Most applications read JSONs from networks, where you have a stream. Buffering and fiddling with the whole request in memory increases latency by a lot, even if your JSON is smallish.
Because you work at or for some bureaucratic MegaCorp, that does weird things with no real logic behind it other than clueless Dilbert managers making decisions based on LinkedIn blogs. Alternatively desperate IT consultants trying to get something to work with too low of a budget and/or no access to do things the right way.
Be glad you have JSON to parse, and not EDI, some custom deliminated data format (with no or old documentation) - or shudders you work in the airline industry with SABRE.
If you're building a library you either need to explicitly call out your limits or do streaming.
I've pumped gigs of jaon data, so a streaming parser is appreciated. Plus streaming shows the author is better at engineering and is aware of the various use cases.
Here people confidently keep repeating "streaming JSON". What do you mean by that?
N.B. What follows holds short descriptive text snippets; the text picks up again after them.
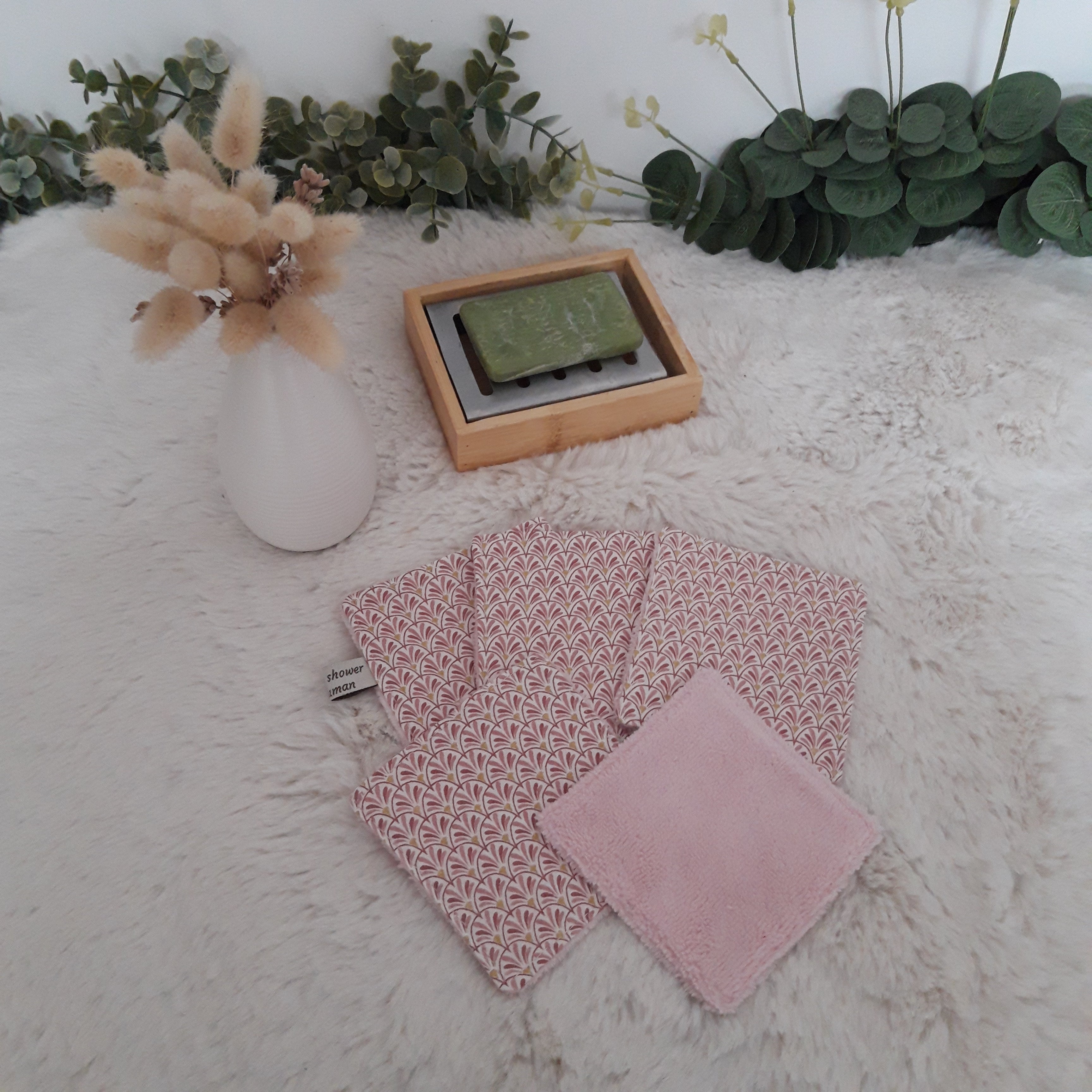 Lot de 5 lingettes rose éventail
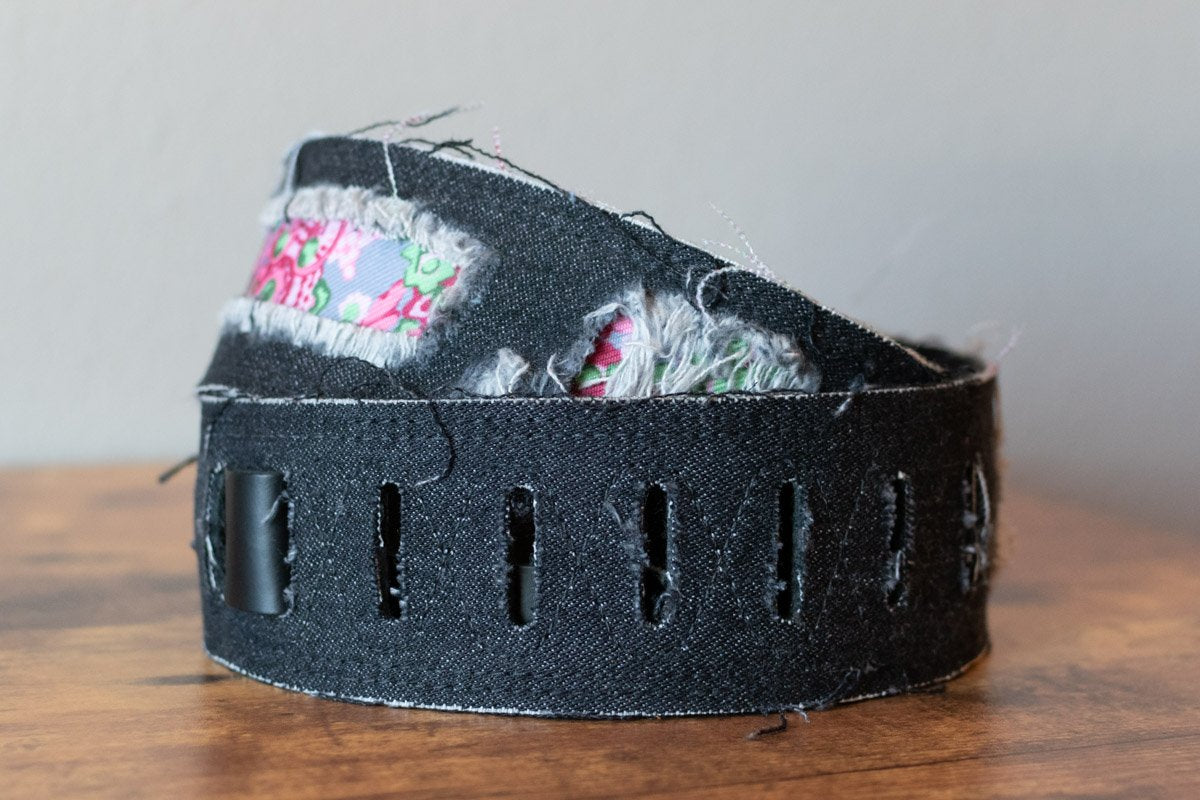 Fender X Wrangler Ripped Paisley Denim Strap, Black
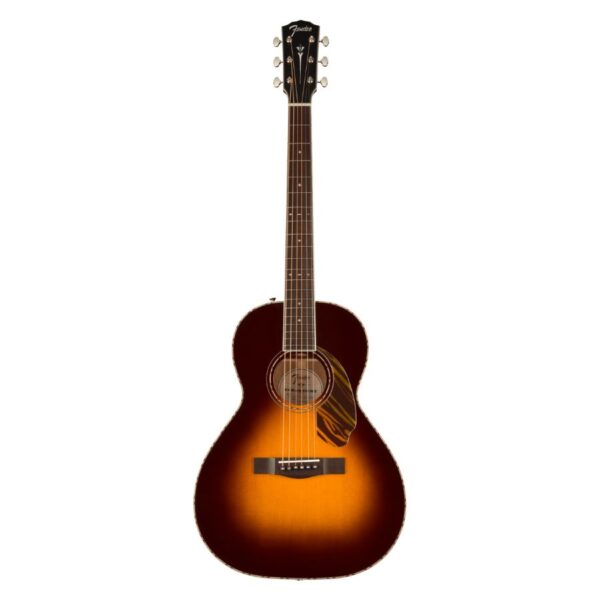 Fender PS-220E Parlor Acoustic Electro Guitar, Aged Cognac Burst, Mahogany Top
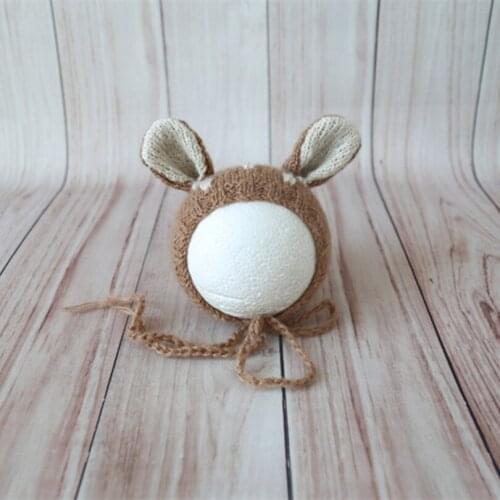 Lovely Animal Bonnet Hand knitted Newborn Baby Boy Reindeer Bonnet Newborn Boys Hat Baby Hat Girl Photography Props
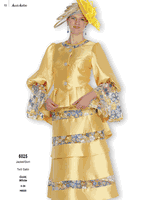 Aussie Austin <br> (Fall & Winter 2025) <br> AA6025 <br> <br> Gold  <br>   White <br> 8 10 12 14 16 18 20 22 24 26<br><br>Jacket/Skirt <br> Twill Satin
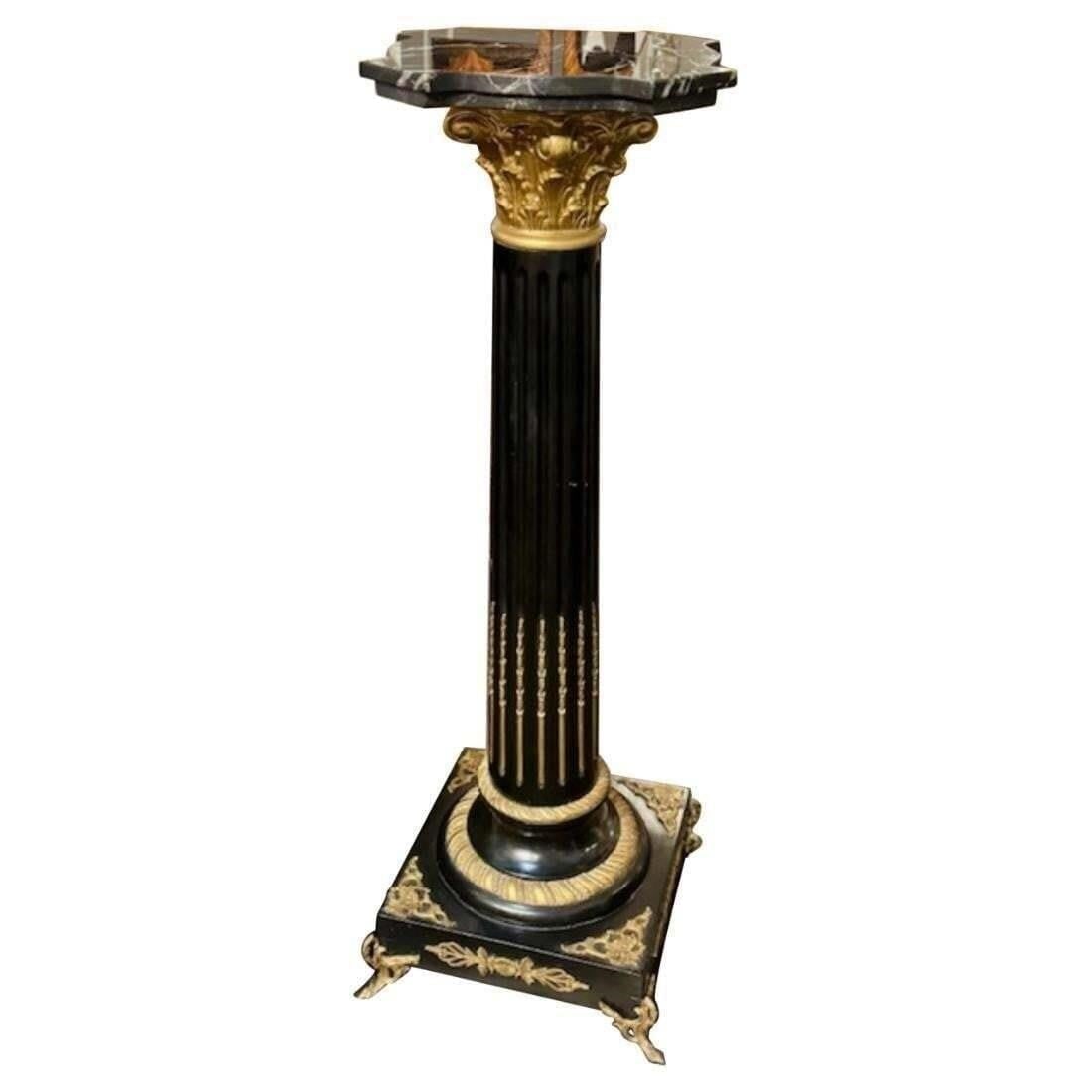 Large French Marble and Bronze Pedestal (1 of 1)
I'm genuinely curios.
Do you mean XML SAX-like interface? If so, how do you deal with repeated keys in "hash tables"? Do you first translate JSON into intermediate objects (i.e. arrays, hash-tables) and then transform them into application-specific structures, or do you try to skip the intermediate step?
I mean, streaming tokens is kind of worthless on its own. If you are going for SAX-like interface, you want to be able to go all the way with streaming (i.e. in no layer of the code that reads JSON you don't "accumulate" data (esp. not possibly indefinitely) until it can be sent to the layer above that).
This works fine under a SAX like interface in a streaming JSON parser - your 'event handler' code will execute for a given key, and a 2nd time for the duplicate.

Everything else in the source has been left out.